Perhaps most importantly, the is movie exists to entertain us. Thankfully, it isn't afraid to be silly and the incredibly corny humor still holds up today. Who can forget "Myth, myth" or the fork in the road or "Have you tried Hare Krishna?" or any number of stupid jokes which put a smile on your face? The songs by Paul Williams are fantastic and most anyone my age can sing at least a little bit of "Rainbow Connection" or "Moving Right Along". (I used to play the soundtrack over and over.) The coup de grace in the film comes with the cameos -- Richard Pryor, Steve Martin, Orson Welles, Milton Berle, Bob Hope, Mel Brooks -- just to name a few. It's truly fascinating to see the familiar faces which show up in every scene.
My parents aren't really "movie people", but one of my fondest memories is seeing The Muppet Movie in the theater and my mother's laughter over seeing Kermit riding a bicycle. This scenes shows how the sheer whimsy of The Muppets can reach most anyone in the audience. While it does have a subversive side to some of the humor, The Muppet Movie is never cynical and it's fun throughout. Here's to hoping that a new generation will discover and appreciate this movie.
The Muppet Movie runs into Kermit and just keeps going on Blu-ray Disc courtesy of Walt Disney Studios Home Entertainment. The film has been letterboxed at 1.85:1 and the Disc contains an AVC 1080p HD transfer which runs at an average of 39 Mbps.

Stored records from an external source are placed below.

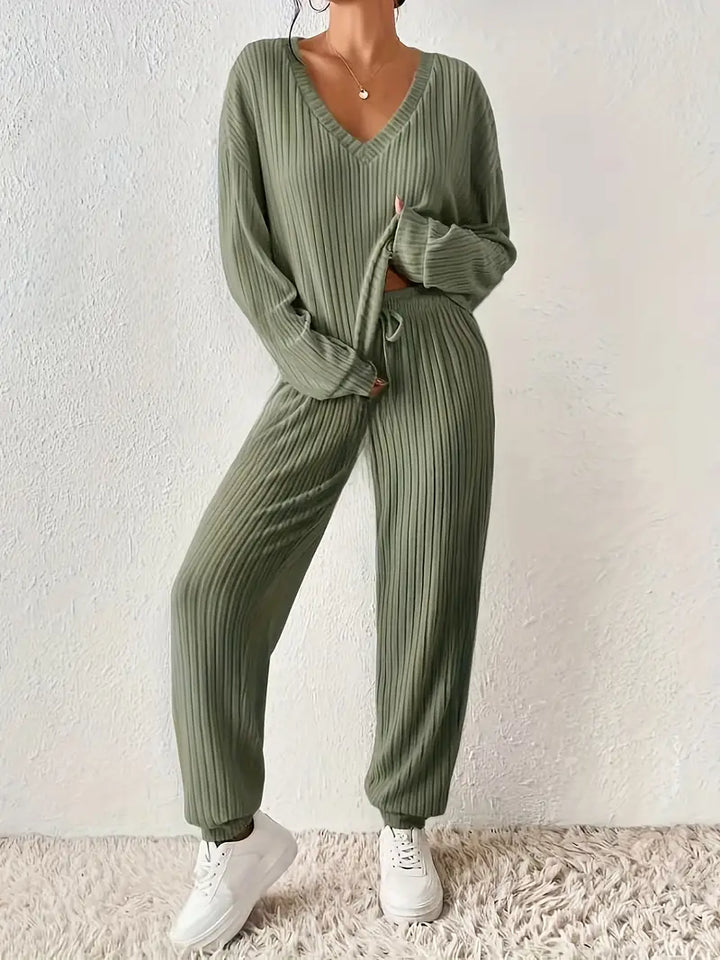 Blødt damesæt loungewear med V-hals og ribbet design. Perfekt komfortsæt til afslapning derhjemme.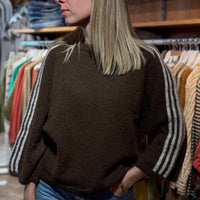 pull en mohair chocolat à bandes pull style Adidas vanille concept store contres boutique prêt à porter femme loir et cher 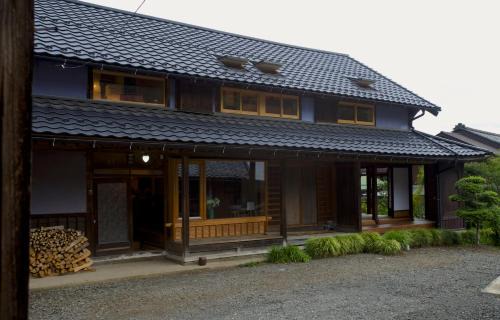 Fujikawa House | Deguchiya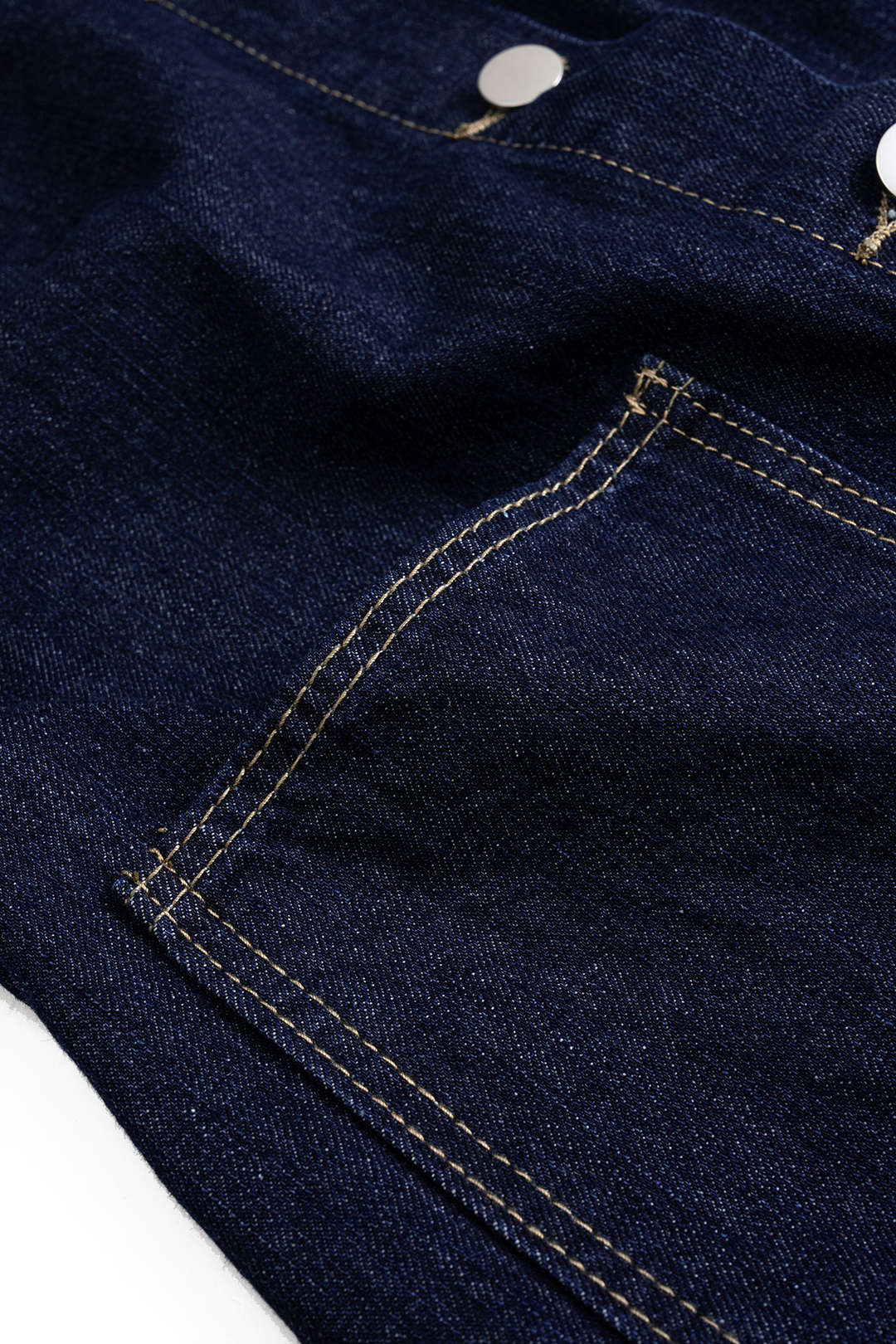 Jeanshemd mit Knöpfen und umgeschlagenen Ärmeln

The image is sharp, but the amount of grain here can't be ignored. In the daytime scenes, it looks as if everyone is surrounded by gnats. This movie has always looked soft and this transfer is no different, although the level of detail is the best that I've ever seen it. The colors look very good and the image is never overly dark or bright. The Disc carries a DTS-HD Master Audio 5.1 track which runs at 48 kHz and an average of 2.1 Mbps. The track provides clear dialogue and sound effects. The songs sound very good, as they have nice presence and come through in a crisp fashion. We get some moderate stereo effects with the crowd scenes and the action scenes. However, I didn't detect any notable surround or subwoofer effects.
The Muppet Movie Blu-ray Disc contains an odd assortment of extras. "Frog-E-Oke Sing-Along" offers three songs from the film -- "Rainbow Connection", "Movin' Right Along" and "Can You Picture That" -- with karaoke-style lyrics. "Jim Frawley's Extended Camera Test" (18 minutes) offers early footage which shows experiments which capturing the Muppets on film. We watch Kermit, Fozzie, and Sweetums visit various locations. This would have been much better with some sort of commentary or introduction. "Doc Hopper's Commercial" (1 minute) shows us all of the promo ad glimpsed in the movie. The TEASER TRAILER and the THEATRICAL TRAILER are included here. "Pepe Profiles Present Kermit - A Frog's Life" (7 minutes) has the King Prawn telling us Kermit's life story.